Part Modeling > Part Modeling > Tweak Features > Lips > About a Lip Feature
About a Lip Feature
You can create a lip feature on mating surfaces of two different parts in an assembly to ensure that the interlock geometry is the same on both parts. A lip is created as a protrusion on one part and a cut on another.
A lip is not an assembly feature—it must be created on each part separately. You can set appropriate connections between dimensions on both parts through relations and parameters.
A lip is constructed by offsetting the mating surface along the selected edges. The edges must form a continuous contour, either open or closed. The top (or bottom) surface of the lip copies the geometry of the mating surface; you can draft the side surface with respect to the lip direction.
Lip direction (the direction of the offset) is determined by the normal to a reference plane.
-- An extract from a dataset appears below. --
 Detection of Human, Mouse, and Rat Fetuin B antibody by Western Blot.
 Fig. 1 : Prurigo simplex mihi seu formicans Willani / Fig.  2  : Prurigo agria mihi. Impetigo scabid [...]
The draft angle is the angle between the normal to the reference plane and the side surface of the lip.
The following figure shows the lip feature parameters.
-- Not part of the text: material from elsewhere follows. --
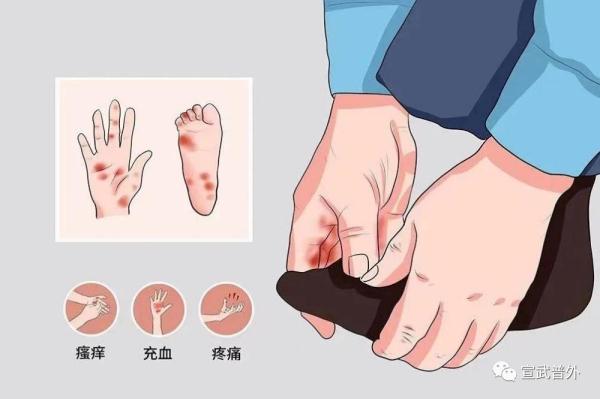 化疗相关不良反应——手足综合征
1. This surface repeats the shape of the mating surface
2. Draft angle
3. Mating surface (could be reference plane too)
4. Side offset
5. Selected edge
6. Lip offset
Usually, the reference plane is coincident with the lip (mating) surface. You must select a separate reference plane in the following cases:
The mating surface is not a plane.
You want the lip creation direction not to be normal to the mating plane. The lip feature will then be distorted.
At any point of lip feature creation, the normal to the mating surface must be either coincident, or form a slight angle with the normal to the reference plane. The closer the normals, the less the lip geometry distortion.